Mar. 6, 2008 A study led by Brown University biologist Casey Dunn uses new genomics tools to answer old questions about animal evolution. The study is the most comprehensive animal phylogenomic research project to date, involving 40 million base pairs of new DNA data taken from 29 animal species.
The study, which appears in Nature, settles some long-standing debates about the relationships between major groups of animals and offers up a few surprises.
The big shocker: Comb jellyfish -- common and extremely fragile jellies with well-developed tissues -- appear to have diverged from other animals even before the lowly sponge, which has no tissue to speak of. This finding calls into question the very root of the animal tree of life, which traditionally placed sponges at the base.
"This finding suggests either that comb jellies evolved their complexity independently from other animals, or that sponges have become greatly simplified through the course of evolution. If corroborated by other types of evidence, this would significantly change the way we think about the earliest multicellular animals," said Dunn, assistant professor of ecology and evolutionary biology at Brown. "Coming up with these surprises, and trying to better understand the relationships between living things, made this project so fascinating."

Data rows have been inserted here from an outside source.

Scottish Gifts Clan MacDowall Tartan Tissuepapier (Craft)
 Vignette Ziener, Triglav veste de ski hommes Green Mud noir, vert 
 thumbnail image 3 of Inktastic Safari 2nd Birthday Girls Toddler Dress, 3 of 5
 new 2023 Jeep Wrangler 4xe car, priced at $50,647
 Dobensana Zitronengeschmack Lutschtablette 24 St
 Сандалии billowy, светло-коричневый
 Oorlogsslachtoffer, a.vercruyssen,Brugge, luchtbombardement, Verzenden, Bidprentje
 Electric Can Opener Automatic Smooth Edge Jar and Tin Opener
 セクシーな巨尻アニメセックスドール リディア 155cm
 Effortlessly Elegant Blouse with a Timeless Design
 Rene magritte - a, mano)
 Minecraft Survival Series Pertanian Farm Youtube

Charles Darwin introduced the idea of a "tree of life" in his seminal book Origin of Species. A sketch of the tree was the book's only illustration. Nearly 150 years after its publication, many relationships between animal groups are still unclear. While enormous strides have been made in genomics, offering up a species' entire genome for comparison, there are millions of animal species on the planet. There simply isn't the time to sequence all these genomes.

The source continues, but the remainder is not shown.